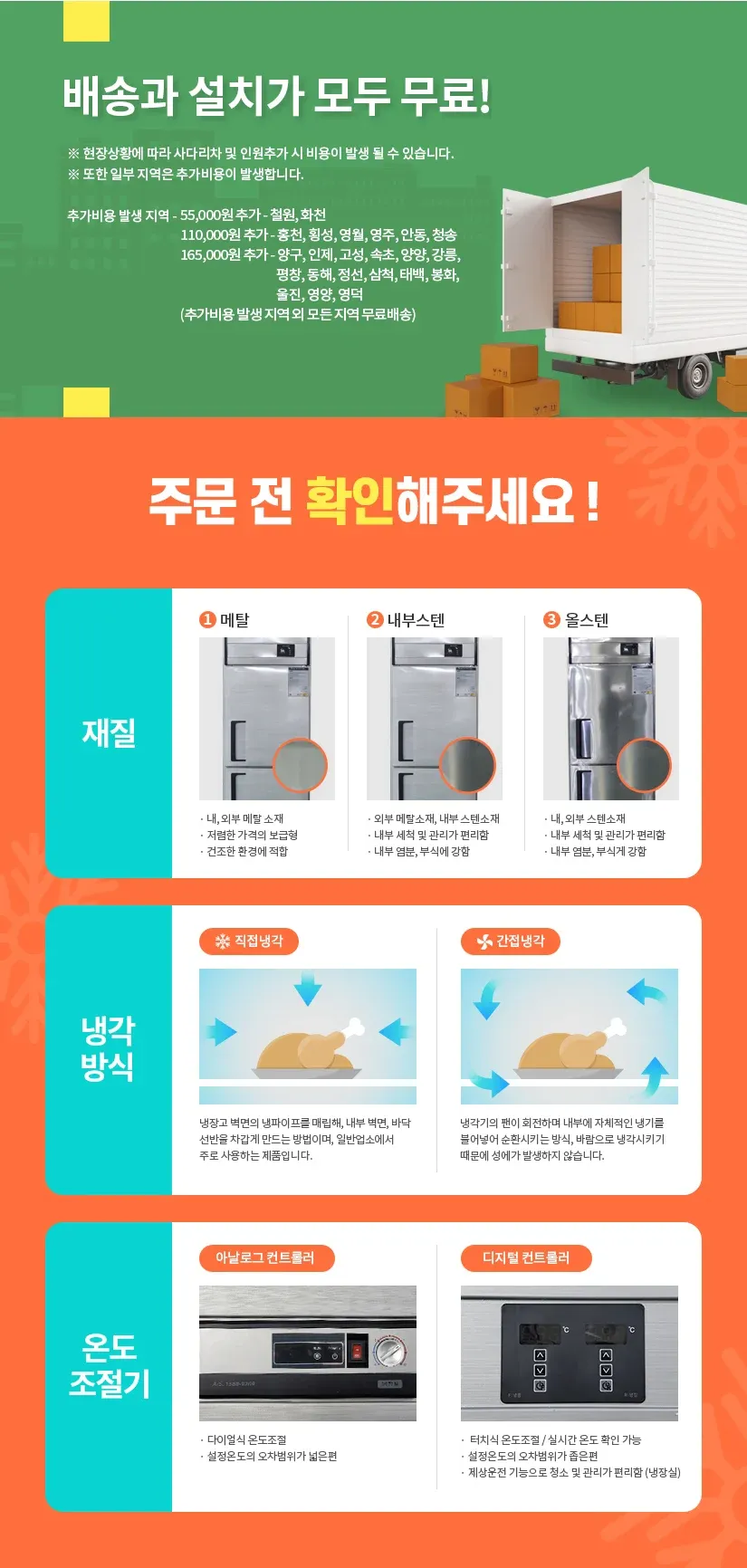 CI_[그랜드우성] 냉동 쇼케이스 160L (CWSM-160FAD) 상세 이미지 1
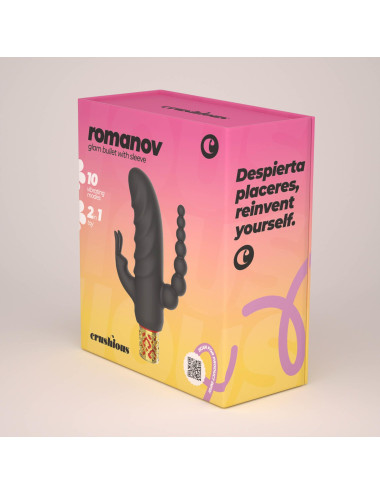 CRUSHIOUS ROMANOV CLASSIC VIBRATOR WITH REMOVABLE SILICONE SLEEVE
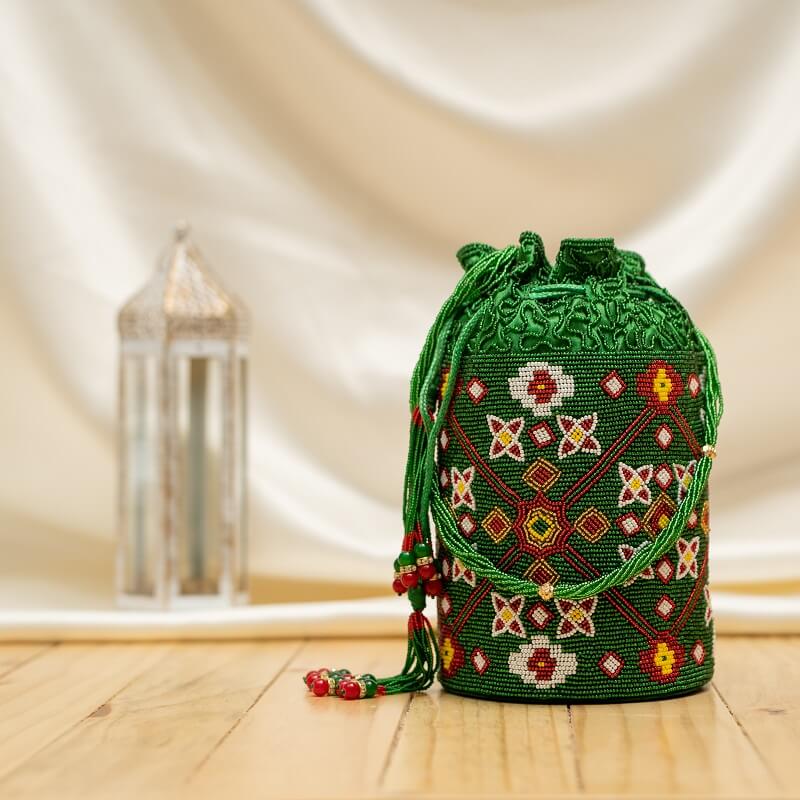 Moti Beaded Batwa Patola Potali Nau Ratan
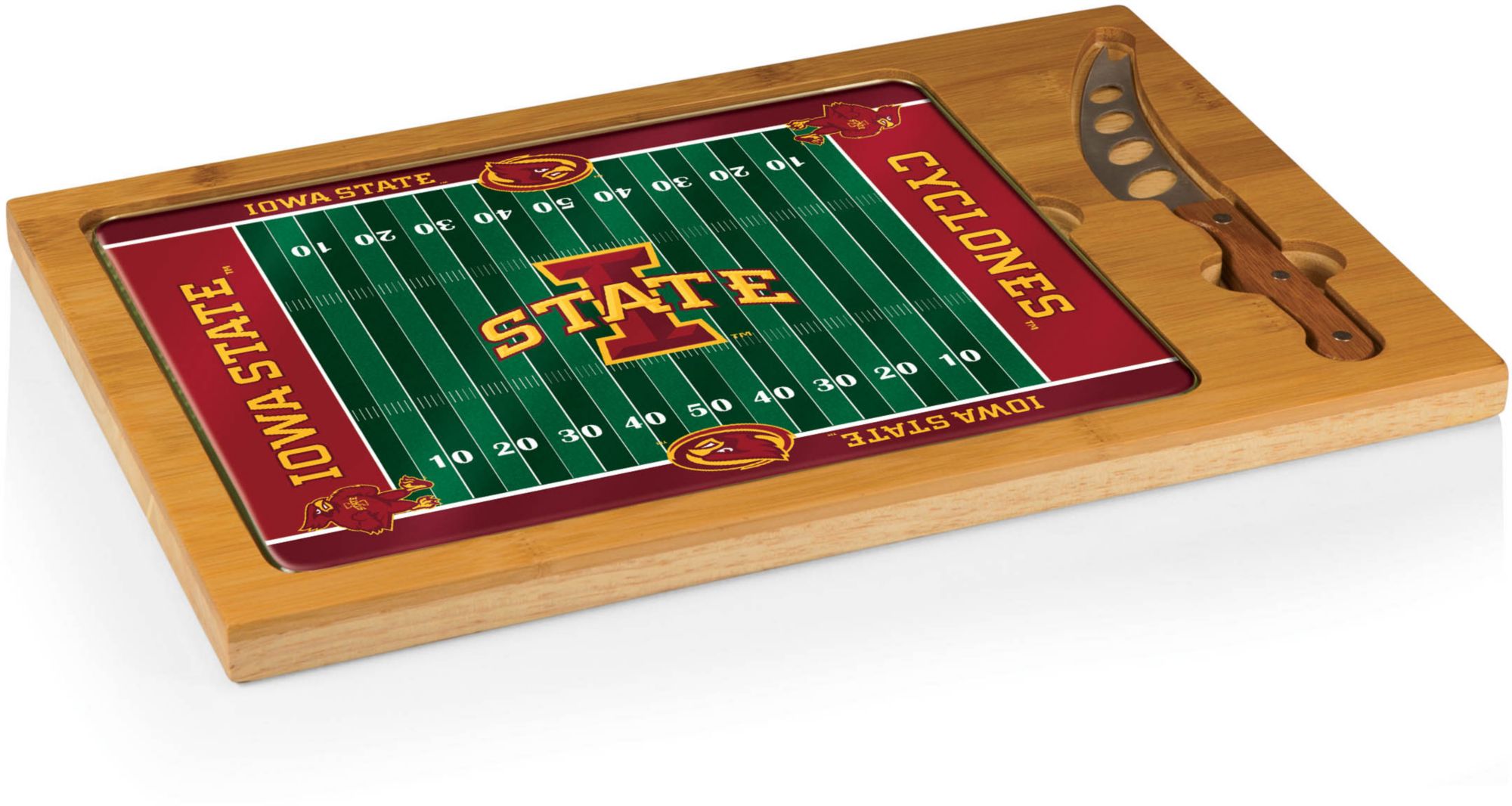 Picnic Time Iowa State Cyclones Glass Top Cutting Board Set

The task => The data above, line by line: transcribe it exactly and drop the pictures.

Task answer =>
 CI_[그랜드우성] 냉동 쇼케이스 160L (CWSM-160FAD) 상세 이미지 1
 CRUSHIOUS ROMANOV CLASSIC VIBRATOR WITH REMOVABLE SILICONE SLEEVE
 Moti Beaded Batwa Patola Potali Nau Ratan
 Picnic Time Iowa State Cyclones Glass Top Cutting Board Set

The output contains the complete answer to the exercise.